All of the following forms of sanctions can be issued to current CFP® professionals except

A. revocation.
B. suspension.
C. permanent bar.
D. private censure.

C.

The answer is Permanent Bar. A Temporary Bar and a Permanent Bar are two forms of sanctions that apply to individuals who are not currently CFP® professionals. Current CFP® professionals may be subject to Private Censure, Public Censure, Suspension, and Revocation.

23

The Code and Standards defines Financial Advice as "communication that would reasonably be viewed as a recommendation that the Client take or refrain from taking a particular course of action with" based on its

I. content.
II. context.
III. concept.
IV. presentation.

The answer is I, II, and IV.

The Glossary of the Code and Standards defines Financial Advice as "communication that, based on its content, context, and presentation, would reasonably be viewed as a recommendation that the Client take or refrain from taking a particular course of action with."

24

Identify the form(s) of unacceptable conduct that will always bar an individual from becoming certified, according to CFP Board's Fitness Standards.

I. Felony conviction for tax fraud or other tax-related crimes
II. Felony conviction for any violent crime within the last five years
III. Revocation of a financial professional license that is administrative in nature
IV. Two or more personal or business bankruptcies

The answer is I and II.

Felony conviction for tax fraud, tax-related crimes, or violent crime within the last five years is considered unacceptable conduct and will always bar an individual from becoming certified.

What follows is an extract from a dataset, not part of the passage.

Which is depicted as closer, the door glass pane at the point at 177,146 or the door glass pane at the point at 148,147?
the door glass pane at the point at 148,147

Statement III is incorrect; revocation of a financial professional license that is administrative in nature does not impact an individual's certification prospects. Statement IV is incorrect; the conduct of CFP® candidates with two or more personal or business bankruptcies is presumed to be unacceptable, and thus bar certification, unless the Disciplinary and Ethics Commission (the Commission) reconsiders and makes a different determination after a review.

25

CFP Board's Fitness Standards apply to all of the following except

A) CFP® candidates.
B) practicing CFP® professionals.
C) individuals who are eligible to reinstate their certification without being required to pass the current CFP® Certification Examination.
D) individuals who are not currently certified but have been certified by CFP Board in the past.

B.)

The answer is practicing CFP® professionals. The Fitness Standards apply to CFP® candidates and Professionals Eligible for Reinstatement (PER). PER includes both individuals who are not currently certified but have been certified by CFP Board in the past and individuals who are eligible to reinstate their certification without being required to pass the current CFP® Certification Examination.

26

Identify the group responsible for reviewing petitions for consideration for a presumptive bar determination.

A) CFP Board Counsel
B) Disciplinary and Ethics Commission
C) Hearing Panel
D) Appeals Committee

B.)

The answer is Disciplinary and Ethics Commission. The Disciplinary and Ethics Commission is responsible for reviewing petitions for consideration submitted for individuals receiving a presumptive bar.

27

Per the Fitness Standards, identify the conduct under which an individual is eligible to submit a petition for consideration.

A) Revocation of a financial professional license
B) Two or more personal or business bankruptcies
C) Felony conviction for tax fraud or other tax-related crimes
D) Felony conviction for any other violent crime within the last five years

B.)

The answer is two or more personal or business bankruptcies. An individual with two or more personal or business bankruptcies would receive a presumptive bar, according to the guidelines of the Fitness Standards. Conduct leading to a presumptive bar is eligible for a petition for consideration.

28

According to the Procedural Rules, following the issue of an Interim Suspension Order, a Respondent must deliver to CFP Board Counsel evidence of compliance with the Interim Suspension Order. Identify the number of calendar days the Respondent has to complete delivery.

A) 60
B) 30
C) 45
D) 10

D.)

The answer is 10. From the Procedural Rules: "Within 10 calendar days of delivery of an Interim Suspension Order, Respondent must deliver to CFP Board Counsel evidence of compliance with the Interim Suspension Order."